Google Search Trying to Slam Spam with New Security Warnings

Trending topics have always been fodder for black hat SEOs. On any given trending search (Prince William’s engagement is the most recent example), there are a handful of malicious sites that rank very highly. Even searching for virus removal related topics yields high returns of malware-infested sites. Google has revamped its warning system to alert users to potential threats, giving notice of sites that are, or may be, “compromised.”

Google’s current warning system displays a message when the search engine detects malware for a particular site. “This site may harm your computer,” is the warning searchers see.  f they opt to click through anyway, they will see another message with the following options: return to previous page, click to see what problems Google has detected, or, if you own the website in question, contact Google. What is not presented as an option is clicking through to the site.

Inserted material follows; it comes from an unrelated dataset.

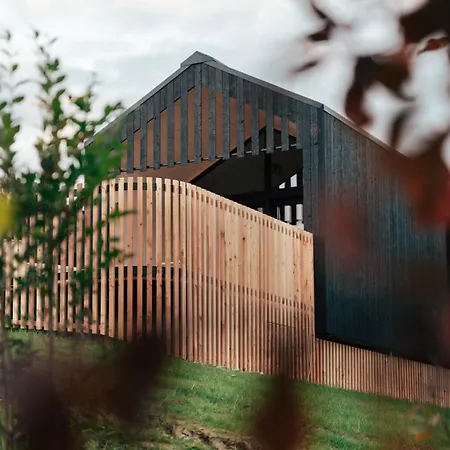 Hapfn Tiny Mit Hot Tub Vakantiehuis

This warning will remain in place. To it, Google as added the compromise alert. When the search engine finds parts of a site that are not under the official owner’s control, it issues a notice telling users “This site may be compromised.” What’s the difference, though, between the security warnings? Unlike the warning that will not allow you to click through to the site, the compromise warning is just that: it alerts you to the possibility of malware, but you are still able to navigate to the site via that link. Security experts recommend that should you enter such a site, you do not enter in any personal or financial information unless you are completely certain it is a legitimate website.